Language modeling is among the important problems that require modeling long-term dependency, with successful applications such as unsupervised pretraining (Dai & Le, 2015; Peters et al., 2018; Radford et al., 2018; Devlin et al., 2018)

. However, it has been a challenge to equip neural networks with the capability to model long-term dependency in sequential data. Recurrent neural networks (RNNs), in particular Long Short-Term Memory (LSTM) networks 

(Hochreiter & Schmidhuber, 1997), have been a standard solution to language modeling and obtained strong results on multiple benchmarks. Despite the wide adaption, RNNs are difficult to optimize due to gradient vanishing and explosion (Hochreiter et al., 2001)

, and the introduction of gating in LSTMs and the gradient clipping technique 

(Graves, 2013; Pascanu et al., 2012) might not be sufficient to fully address this issue. Empirically, previous work has found that LSTM language models use 200 context words on average (Khandelwal et al., 2018), indicating room for further improvement.
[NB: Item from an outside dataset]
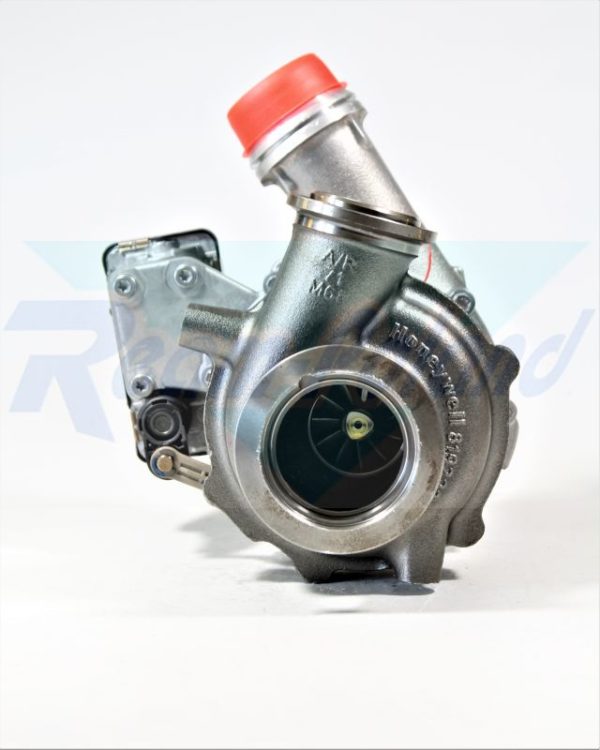 Turbosprężarka 820021-5001S 4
On the other hand, the direct connections between long-distance word pairs baked in attention mechanisms might ease optimization and enable the learning of long-term dependency (Bahdanau et al., 2014; Vaswani et al., 2017). Recently, Al-Rfou et al. (2018) designed a set of auxiliary losses to train deep Transformer networks for character-level language modeling, which outperform LSTMs by a large margin. Despite the success, the LM training in Al-Rfou et al. (2018) is performed on separated fixed-length segments of a few hundred characters, without any information flow across segments. As a consequence of the fixed context length, the model cannot capture any longer-term dependency beyond the predefined context length. In addition, the fixed-length segments are created by selecting a consecutive chunk of symbols without respecting the sentence or any other semantic boundary. Hence, the model lacks necessary contextual information needed to well predict the first few symbols, leading to inefficient optimization and inferior performance. We refer to this problem as context fragmentation.
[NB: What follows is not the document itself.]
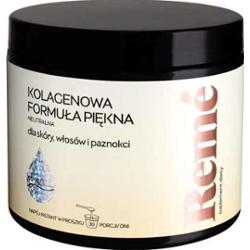 Reme Kolagenowa Formuła Piękna neutralna proszek 150g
To address the aforementioned limitations of fixed-length contexts, we propose a new architecture called Transformer-XL (meaning extra long). We introduce the notion of recurrence into our deep self-attention network. In particular, instead of computing the hidden states from scratch for each new segment, we reuse the hidden states obtained in previous segments. The reused hidden states serve as memory for the current segment, which builds up a recurrent connection between the segments. As a result, modeling very long-term dependency becomes possible because information can be propagated through the recurrent connections. Meanwhile, passing information from the previous segment can also resolve the problem of context fragmentation. More importantly, we show the necessity of using relative positional encodings rather than absolute ones, in order to enable state reuse without causing temporal confusion. Hence, as an additional technical contribution, we introduce a simple but more effective relative positional encoding formulation that generalizes to attention lengths longer than the one observed during training.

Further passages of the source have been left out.